Naturally, I signed up. 

The competition is already in full swing when I arrive on Saturday morning, so I sit down, picked up a controller, and press start. 

Approximately 2 minutes later, I put down the controller, stand up, and leave to buy some coffee. After 5 games, I place second-to-last with a high score of 409 points.

By contrast, Paul, the top player has a score of 572,500 points. 

MAJ_bloodloss, the last-place competitor, is nowhere to be found. But then again, I would have fled the scene too if someone recorded my final score of 3 points. As it turns out, Competitive Tetris is as far removed from regular Tetris as you are from Roger Federer or Tiger Woods. 

The problem is speed. At Level 1—your grandmother’s speed—the Tetris pieces fall so slowly you can take a sip of coffee before deciding where to put them.

At Level 9, the official speed of the qualifiers, things move too quickly for you to think. Split-second decisions are necessary and you need to start moving as soon as the piece starts its descent. Hence, most players at JCU are watching the next piece before the current one has safely landed.
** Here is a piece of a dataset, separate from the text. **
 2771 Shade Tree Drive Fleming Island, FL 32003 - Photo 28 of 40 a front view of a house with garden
Just as Chess Grandmasters speculate three moves in advance, Tetris pros need to plan ahead.

The rectangular NES controller
At Level 18, Paul’s current level, it’s a barely-comprehensible blur of colour and movement. The blocks don’t fall—they are fired across the screen like speeding bullets. I don’t want to use a mid-2000s Matrix metaphor but it’s the only one that comes to mind. You need superhuman Neo/Mr. Anderson reflexes to rotate and tuck and get every piece in place.
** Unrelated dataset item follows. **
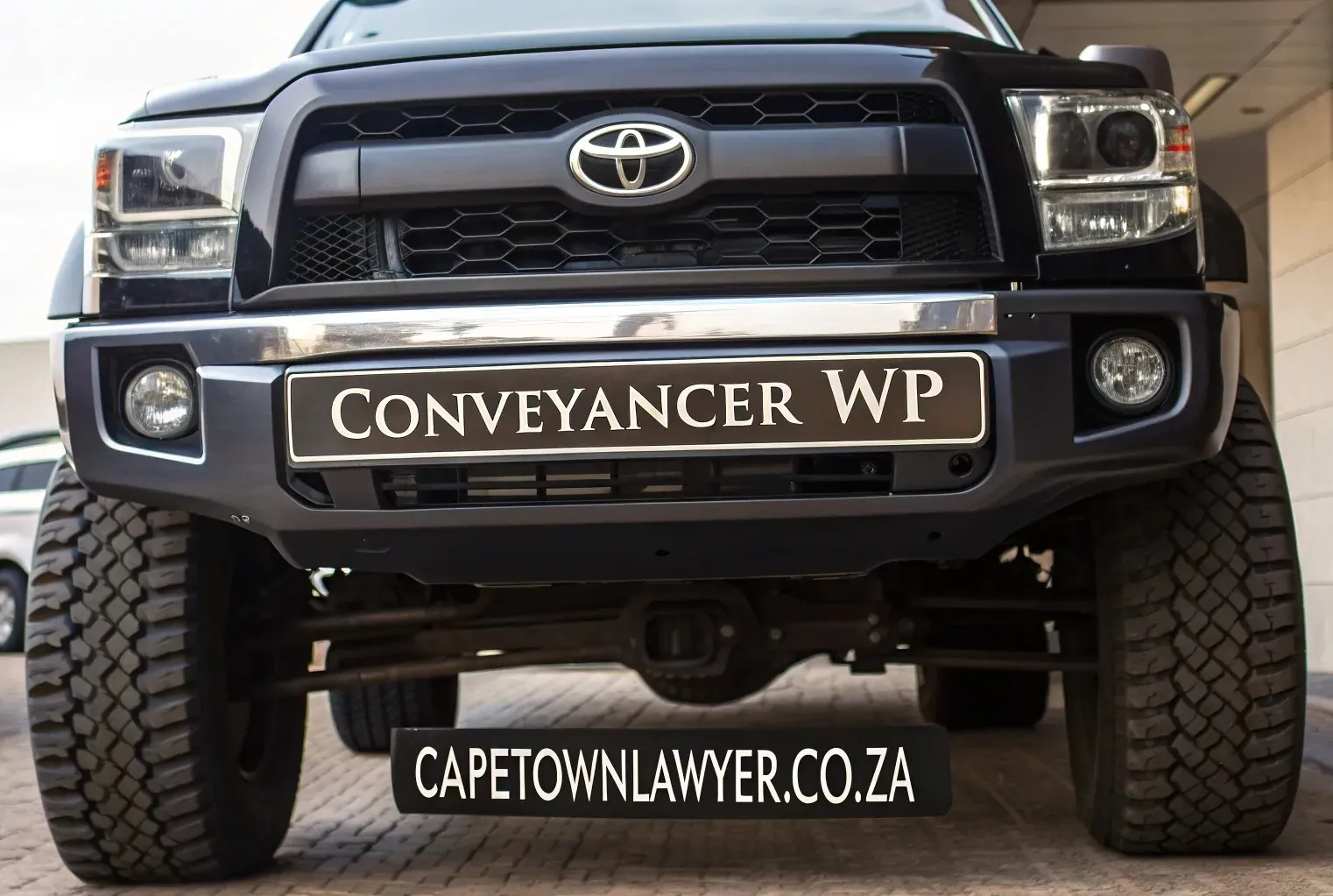 Car with number-plate CONVEYANCER WP, and CAPETOWNLAWYER.CO.ZA sign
However, it is not just speed and reflexes that separate the Tetris champs from the Tetris chumps like me. After all, the aim of competitive 1 v 1 Tetris is not to outlast your opponent, but to achieve a higher score. The only way to do so is to ‘Tetris’—i.e. clear 4 lines at a go with the long piece. Achieving ‘Tetris’ gets you 4x the amount of points for clearing 3 lines, and 12x the points for clearing 2 lines. 
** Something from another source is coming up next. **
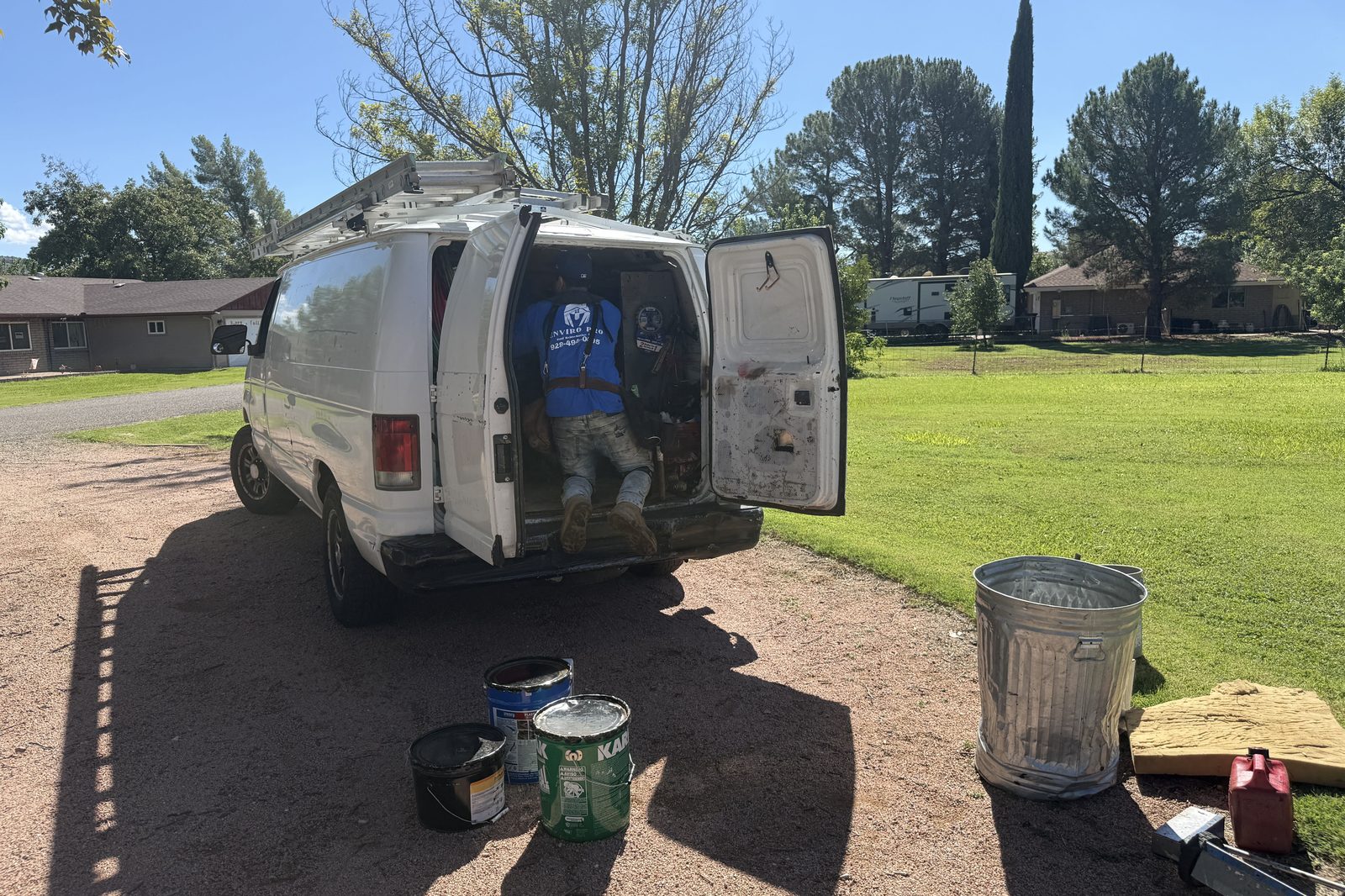 Enviro Pro van and crew Enviro Pro work van and crew at a roof replacement job site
In the words of 7-time champion Jonas Neubauer, it is by far the ‘most efficient’ way to score points.

In order to Tetris often and with ease, you must first understand some Tetris jargon, which Paul and Bryan—the third seed—are happy to explain. 

Since ‘long pieces’ are the only way to Tetris, you must build ‘wells’ in anticipation of their arrival. A well is a gap that is one-block across and at last four blocks deep. It looks something like this:

Or this:

Image credit: Twitch/Jonas Neubauer
When a long piece arrives, Boom! Tetris for _ _ _ _ _ _!

Tetris for Gerald
In an ideal world, you would clear all of your lines in groups of 4 for the maximum possible score. However, the Tetris gods are fickle and cruel. Sometimes, the random number generator just simply refuses to give you the much-needed long piece. 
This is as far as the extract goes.